There is a growing body of epidemiological database studies and other research linking antibiotic use to colorectal cancer risks, according to Sears and Jiajia Zhang, M.D., M.P.H., a Bloomberg~Kimmel Institute for Cancer Immunotherapy researcher. There are several shortcomings of these previous works, however, with several of them failing to control for other cancer risks such as smoking, alcohol use, diabetes, and others. Sears and Zhang also feel these previous works present bias in patient reports of antibiotic use, lack data differentiating colon and rectal cancers, and did not use large enough sample sizes.

Background of the Johns Hopkins Study

In their work, Sears and colleagues analyzed data from the Clinical Practice Research Datalink (CPRD), one of the largest anonymized medical record databases available. This resource contains data regarding over 11 million patients in the U.K. such as drug prescriptions and diagnosis. This was the first population-based study that aimed to examine the correlation between antibiotic exposure and colorectal cancer risks.

The researchers analyzed data from 1989 to 2012, identifying 28,890 cases of colorectal cancer in this 23-year window. Each of these cases was matched with up to five healthy controls who were similar in age, gender, and care provider, but had no history of colorectal cancer. A total of 137,077 control cases were used in this work.

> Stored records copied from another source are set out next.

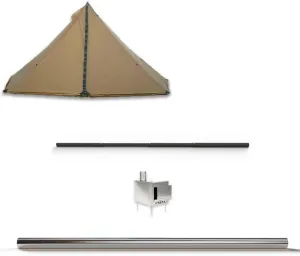 Seek Outside Ultralight Hot Tent Bundle | Cimmaron 4 Person & Large Woodburning Stove for Backpacking Camping Fishing Hunting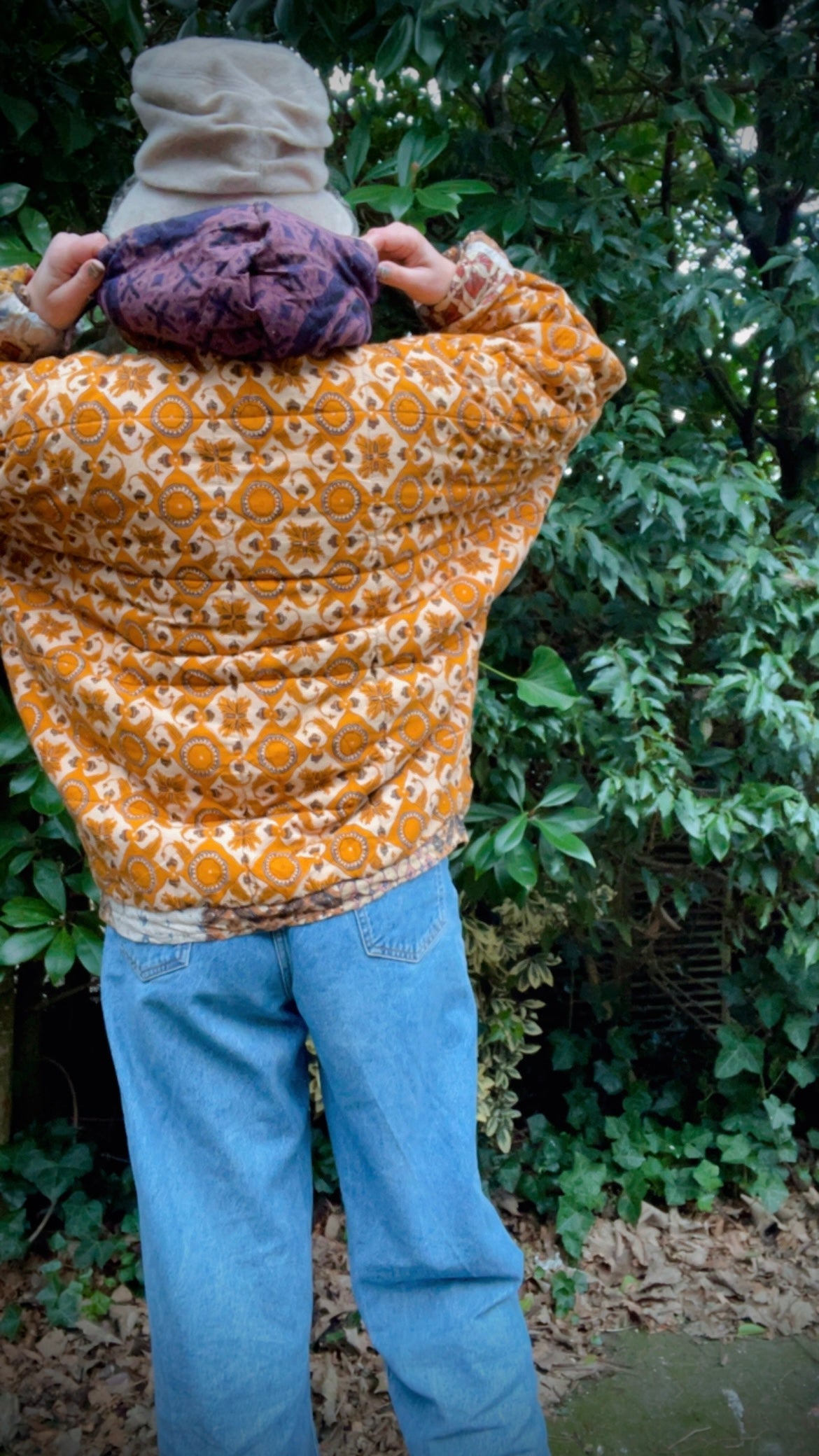 Reversible Batik Jacket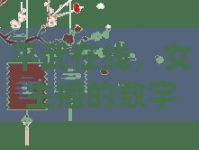 平武在線，女主播的數(shù)字舞臺與心靈之旅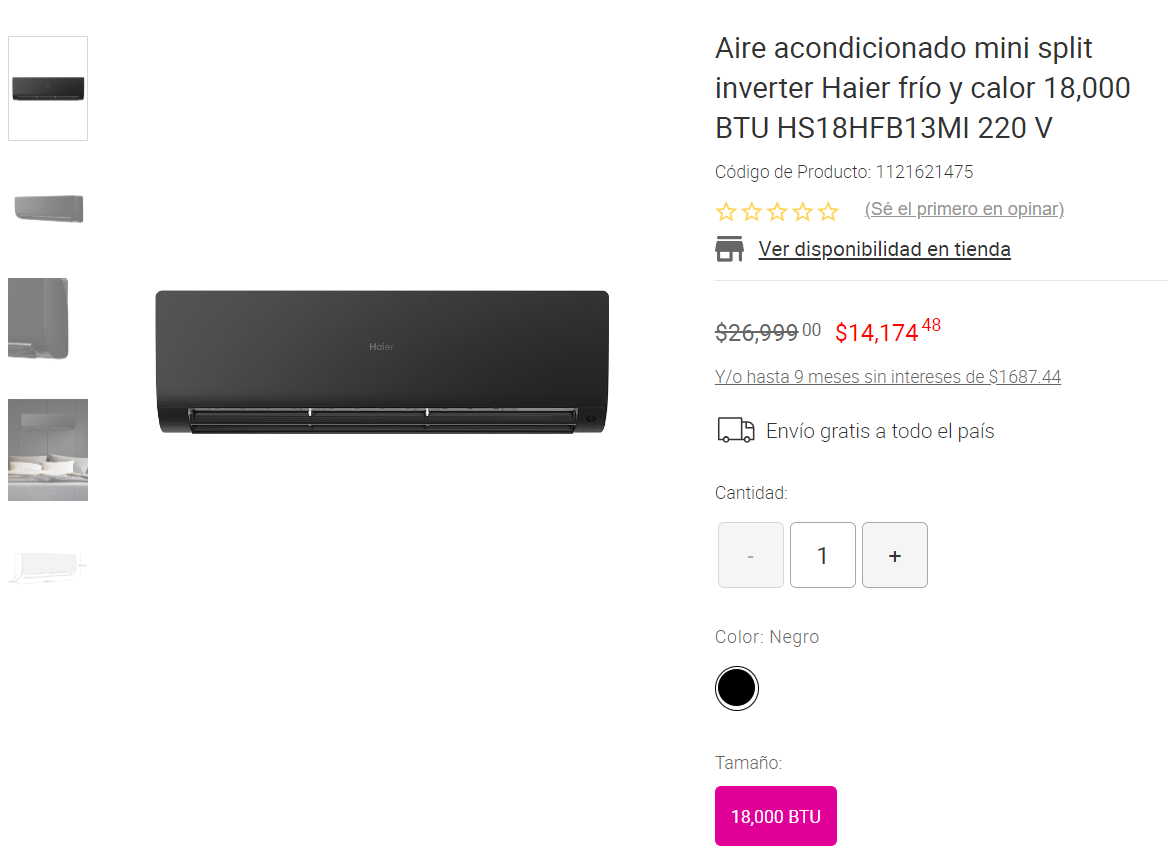 $!Venta nocturna de Liverpool 2024: Estos son los aires acondicionados mini split con mejor oferta para este fin de semana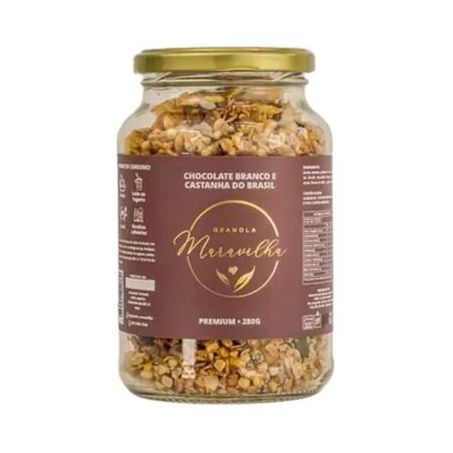 Gran maravilha choc bco/ cast bra 280g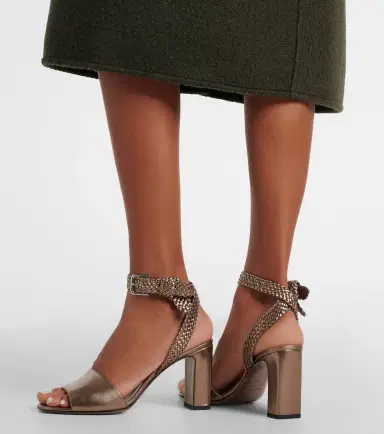 Jimmy Choo Rori metallic leather sandals | Thumbnail 6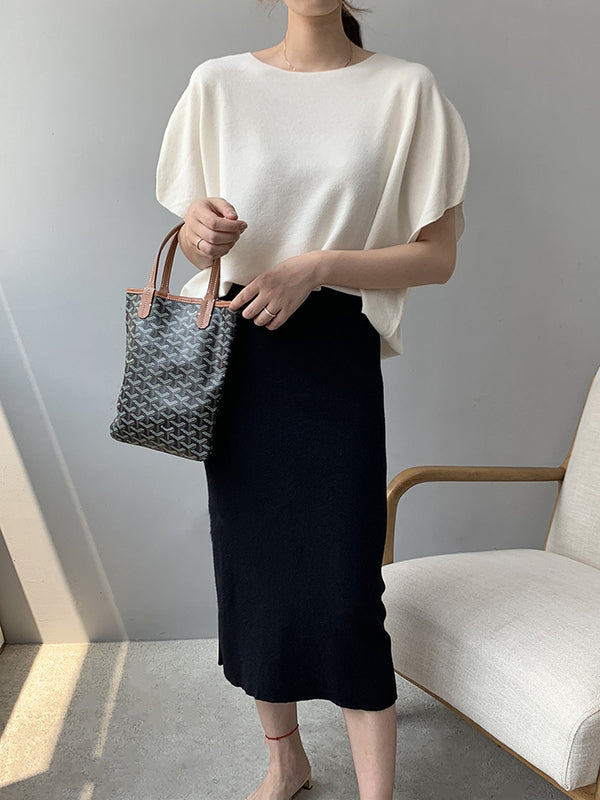 Vale Off-Shoulder Knit Pullover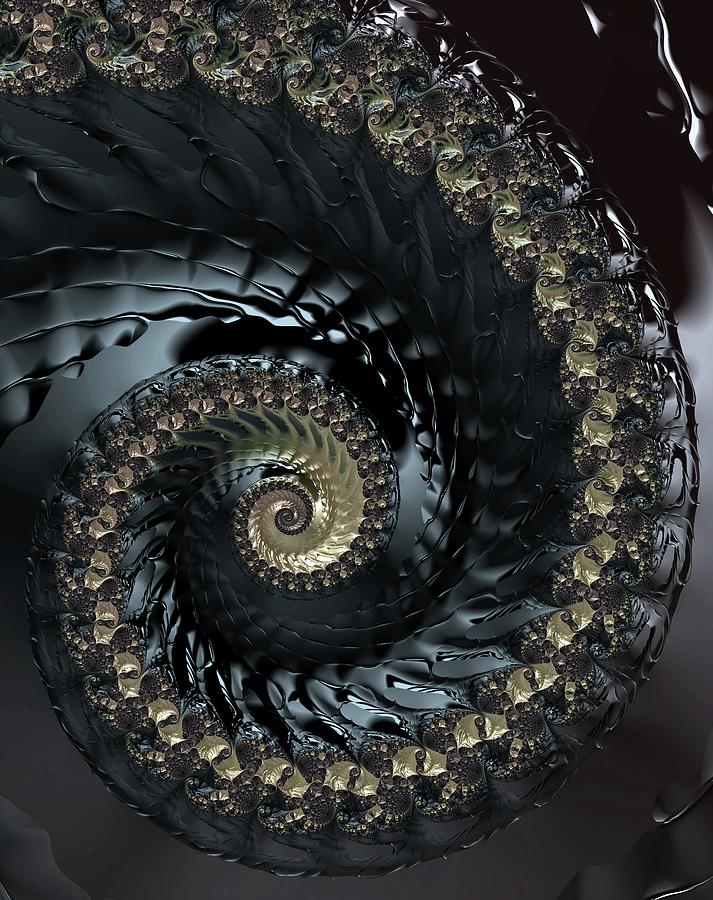 Dark Spiral Digital Art by Amanda Moore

In addition to antibiotic use, risk factors assessed for correlation to colorectal cancer included obesity, alcohol use, diabetes, and smoking. The team unsurprisingly found that many of these known risk factors were linked to higher rates of colorectal cancer but found that antibiotic exposure still presented a risk after accounting for these other factors as well. They noted that those who had colon cancer were slightly more likely to have had prior antibiotic exposure than their healthy counterparts after accounting for these factors (71.3% vs. 69.1%). This association was not present in those with rectal cancers. Antibiotic use was associated with an increased risk of roughly 15% for cancer in the proximal colon but not in the distal colon. Furthermore, this risk occurred most strongly after exposure to antibiotics that target anaerobic bacteria, such as penicillin. The colon cancer cases were linked to antibiotic exposure at least 10 years prior.

The researchers noted that the onset of colon cancer risk was very rapid, with an 8% increased risk presenting only 15-30 days after exposure to antibiotics. At 30 days or longer after this exposure, this increased risk rose to 15%. This association was inverse for patients with rectal cancer, with antibiotic exposure being negatively correlated to cancer in this region.

Sears noted that although antibiotics are effective in killing bacterial infections, they can kill beneficial bacteria in the gut and allow pathogenic ones to survive. These surviving bacterial strains could display carcinogenic qualities, encouraging the growth of malignancies in the colon.